▶ _Exercise aim_
Locate "Beanie Boo Reg Sheldon Coral Octopus" in the listing. Transcribe the line that contains it and every line that follows, through the last, omitting all pictures.

▶ _Data shown_

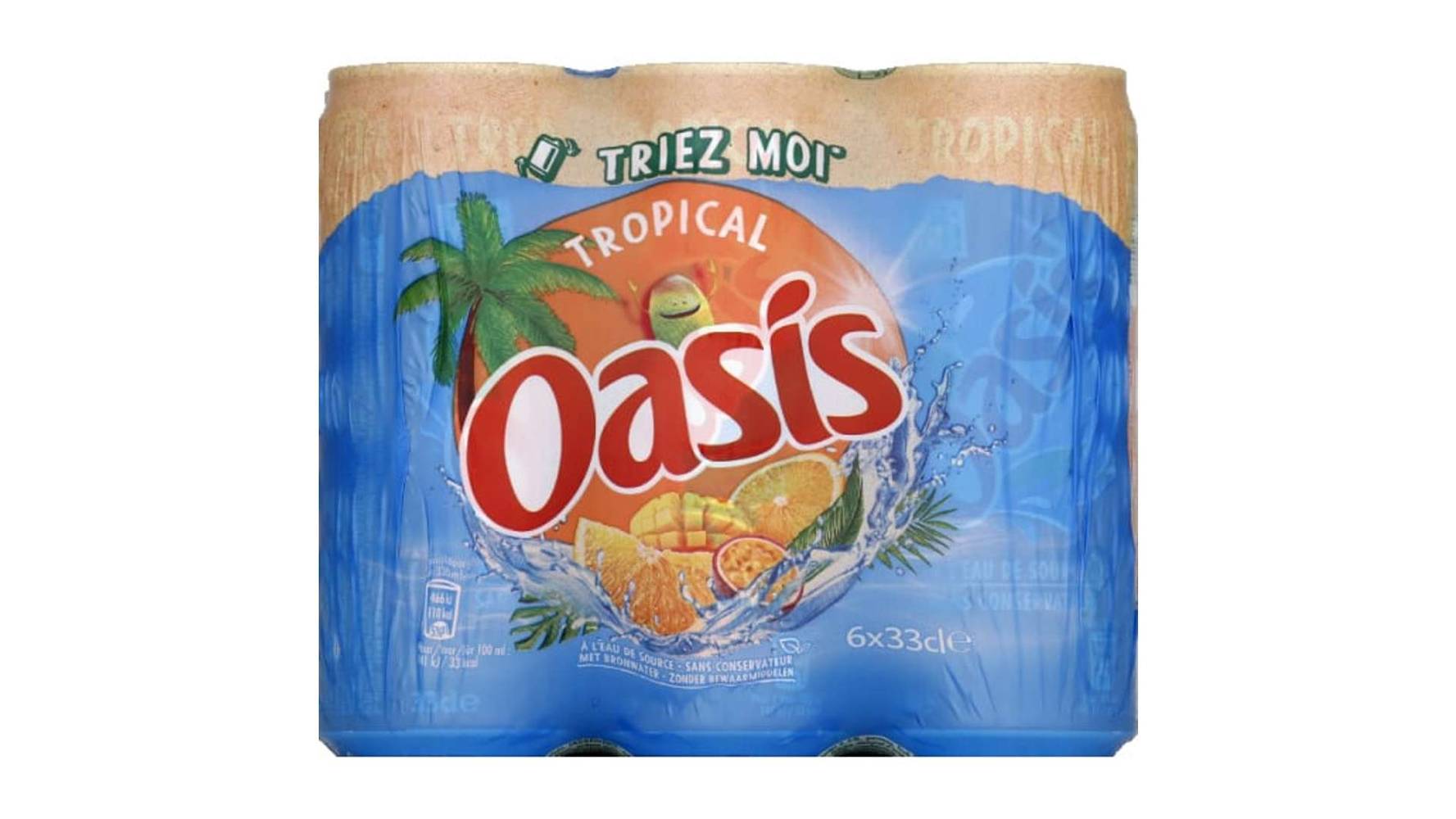 Oasis - Boisson aux fruits (6 piéces, 330 ml) (tropical)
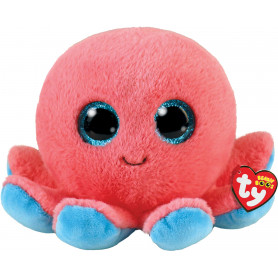 Beanie Boo Reg Sheldon Coral Octopus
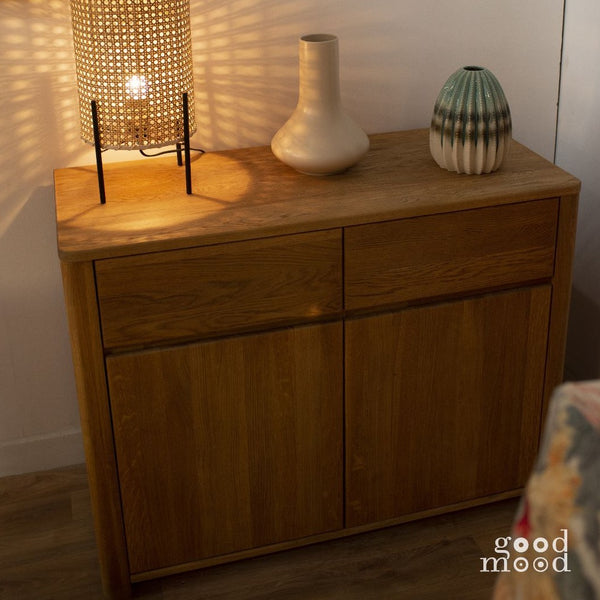 NordicStory Dressoir Ladekast in massief eikenhout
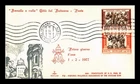 Dr Jim Stamps Vatican FDC 1977 Works of Mercy Series 2v Set Roller Cancel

▶ _Solution_
 Beanie Boo Reg Sheldon Coral Octopus
 NordicStory Dressoir Ladekast in massief eikenhout
 Dr Jim Stamps Vatican FDC 1977 Works of Mercy Series 2v Set Roller Cancel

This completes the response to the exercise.